=== The records ===
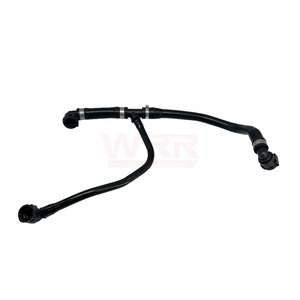 17128616914 17128677244 Manguera de Refrigerante para BMW F20 F30 G30 320i 330i, Sistema de Refrigeración del Motor, Tubo de Agua del Radiador, Durable - Product Image 1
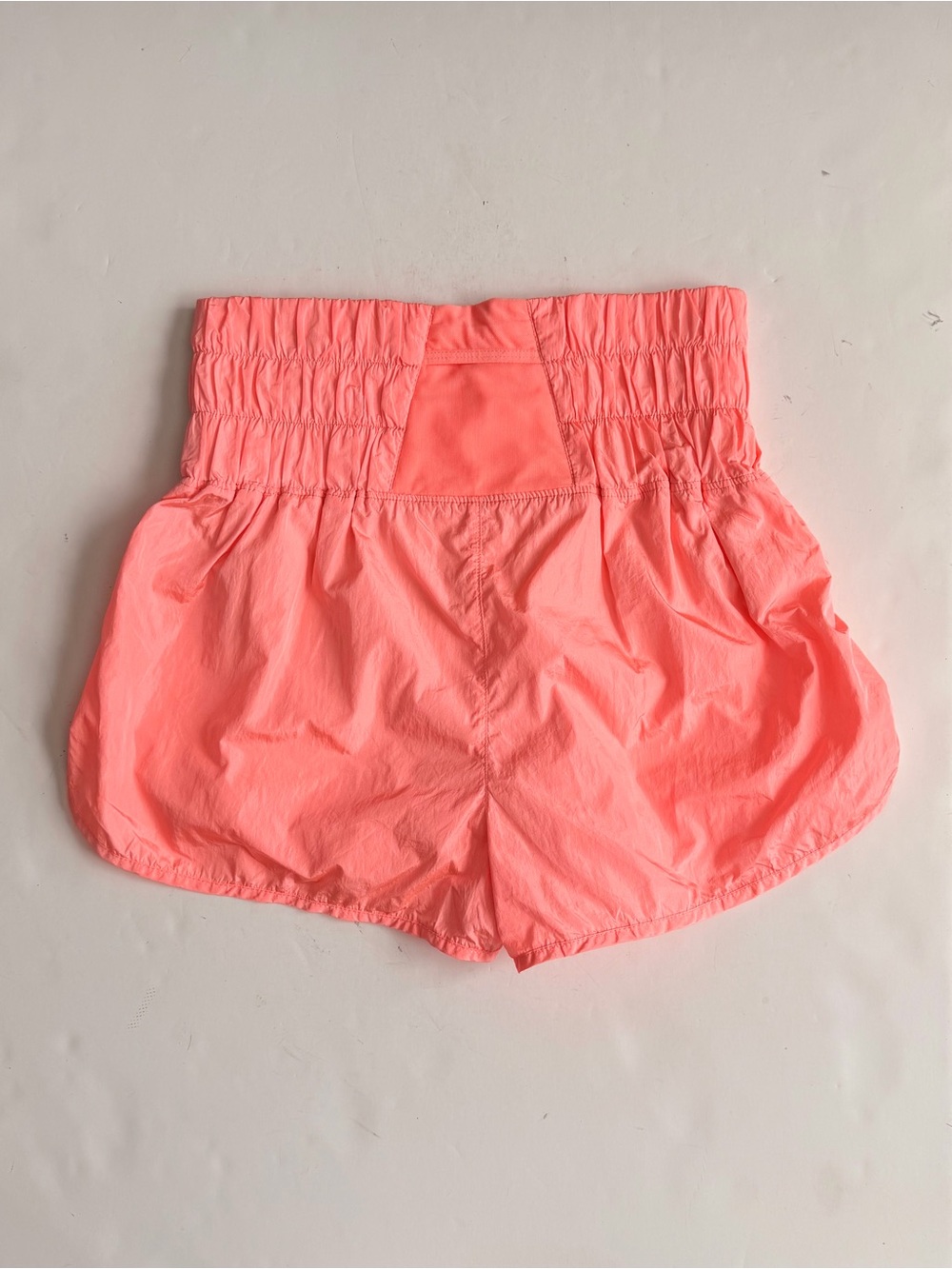 Free People The Way Home Shorts Coral Size M - Picture 4 of 11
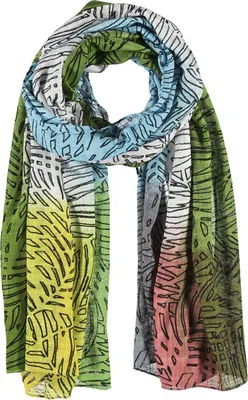 Immagine prodotto di Sciarpa da donna Passigatti verde scuro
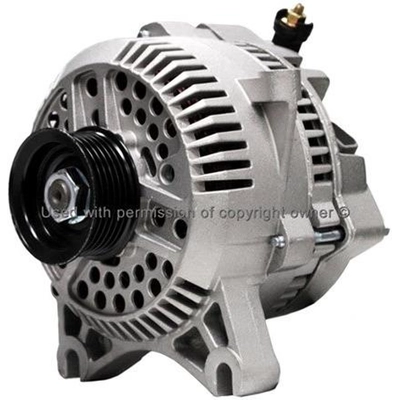 Remanufactured Alternator by QUALITY-BUILT - 15433 pa4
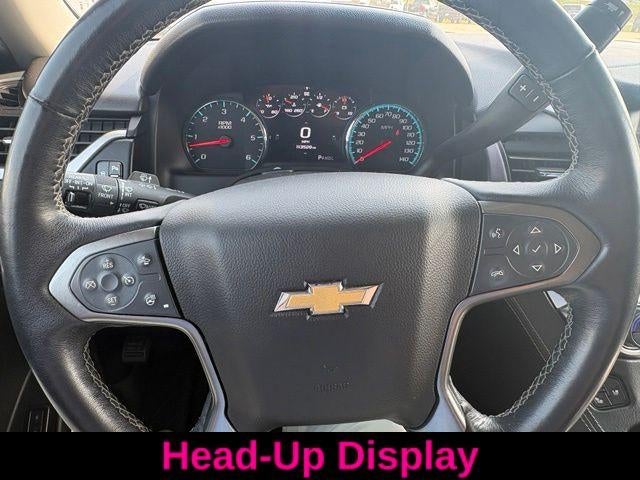 2020 Chevrolet Tahoe 4WD Premier
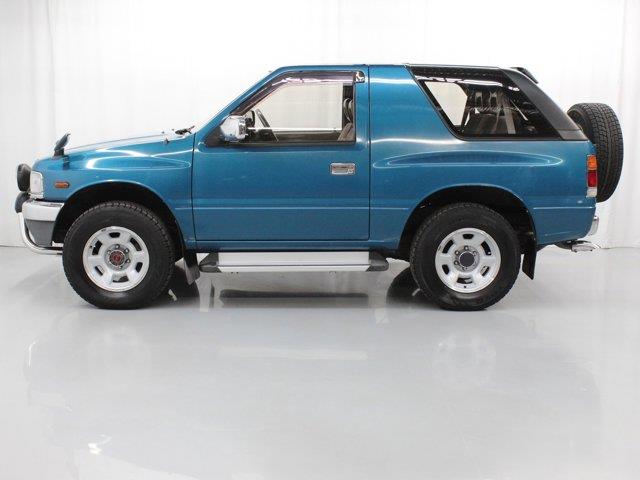 1995 Isuzu Mu (CC-2094586) for sale in Christiansburg, Virginia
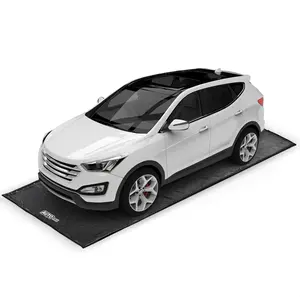 AutoFloorGuard Size Garage Containment Mat, Midsize/SUV&Truck size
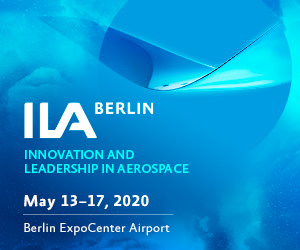 UK &amp; Irish visitors can get a discount on visitor tickets for <a href="/ILA_Berlin/">ILA Berlin - Pioneering Aerospace</a> here: bit.ly/ILA2020 
#ILABerlin #Aerospace #ILA2020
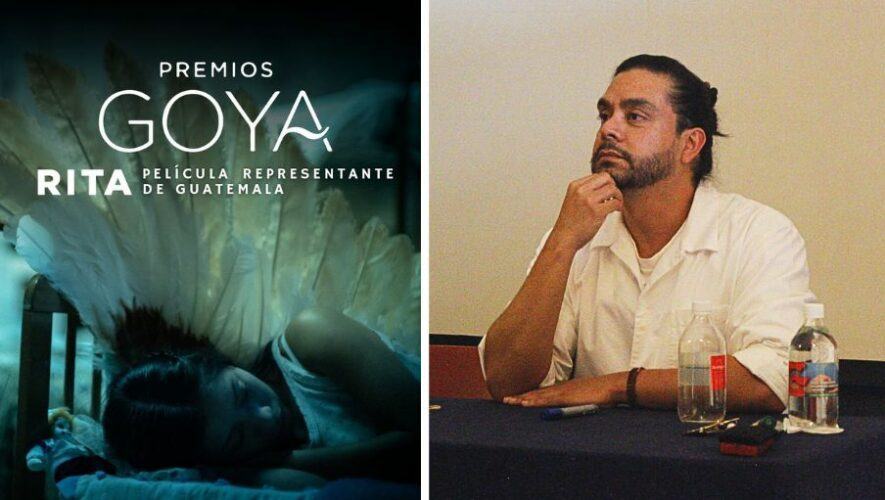 Película Rita de Jayro Bustamante fue seleccionada para representar a Guatemala en los Premios Goya 2025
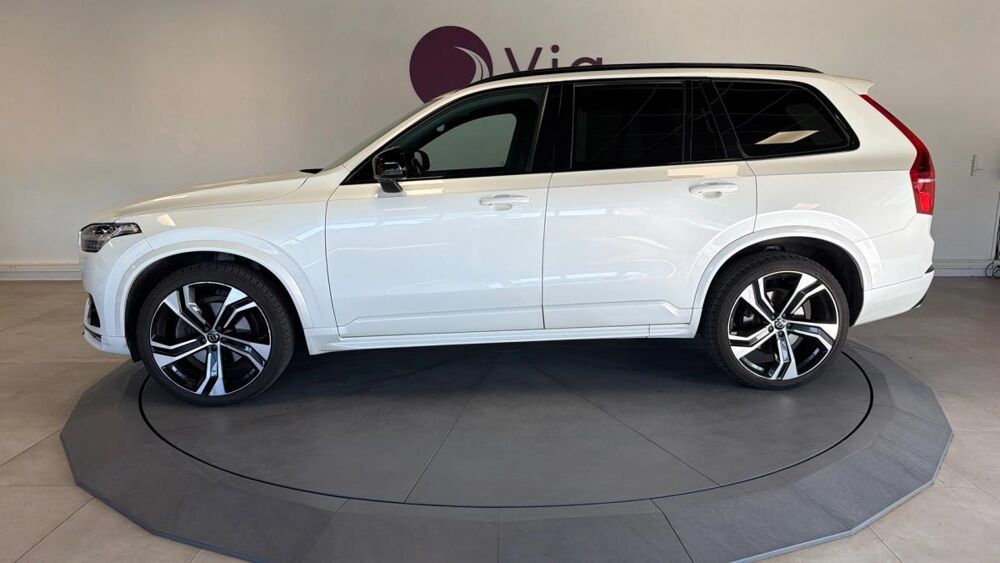 XC90 D5 AWD R-Design Mild Hybrid AWD 2019 occasion 33600 Pessac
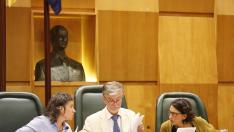 Pleno del Ayuntamiento de Zaragoza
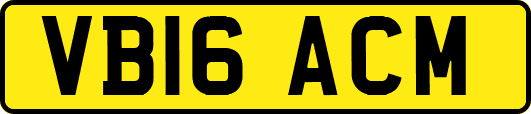 VB16ACM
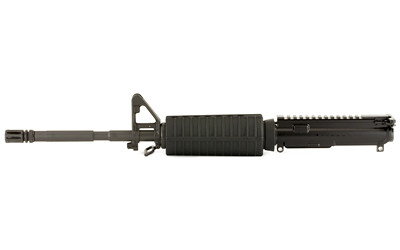 Spikes Tactical Complete Upper 5.56 NATO 16in Chrome Moly Barrel 7075-T6 A2 - STU5025M4S - 815648021030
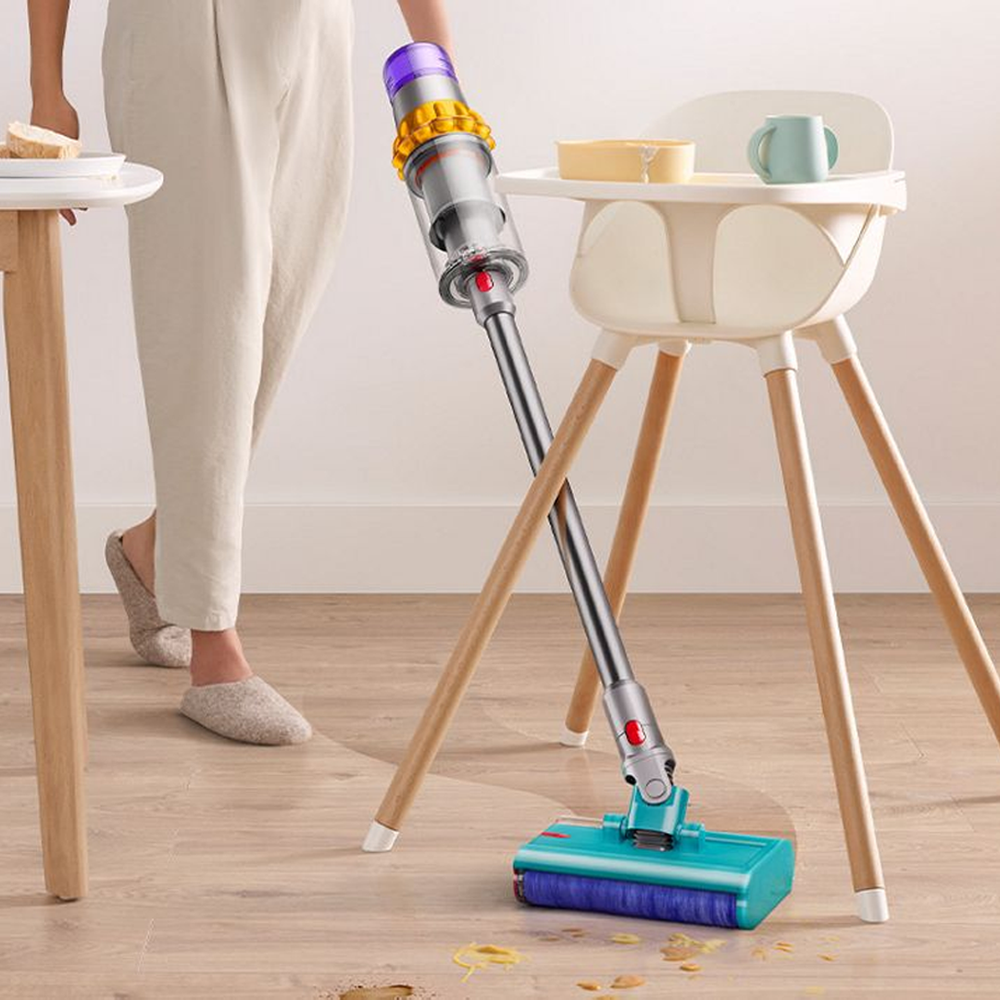 Cordless Stick Vacuum V15s Detect Submarine with LCD Screen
===
◆ **Task**:
Return, exactly as they stand, all of the lines above, but not the pictures.

◆ **Solved problem**:
 17128616914 17128677244 Manguera de Refrigerante para BMW F20 F30 G30 320i 330i, Sistema de Refrigeración del Motor, Tubo de Agua del Radiador, Durable - Product Image 1
 Free People The Way Home Shorts Coral Size M - Picture 4 of 11
 Immagine prodotto di Sciarpa da donna Passigatti verde scuro
 Remanufactured Alternator by QUALITY-BUILT - 15433 pa4
 2020 Chevrolet Tahoe 4WD Premier
 1995 Isuzu Mu (CC-2094586) for sale in Christiansburg, Virginia
 AutoFloorGuard Size Garage Containment Mat, Midsize/SUV&Truck size
 UK &amp; Irish visitors can get a discount on visitor tickets for <a href="/ILA_Berlin/">ILA Berlin - Pioneering Aerospace</a> here: bit.ly/ILA2020 
#ILABerlin #Aerospace #ILA2020
 Película Rita de Jayro Bustamante fue seleccionada para representar a Guatemala en los Premios Goya 2025
 XC90 D5 AWD R-Design Mild Hybrid AWD 2019 occasion 33600 Pessac
 Pleno del Ayuntamiento de Zaragoza
 VB16ACM
 Spikes Tactical Complete Upper 5.56 NATO 16in Chrome Moly Barrel 7075-T6 A2 - STU5025M4S - 815648021030
 Cordless Stick Vacuum V15s Detect Submarine with LCD Screen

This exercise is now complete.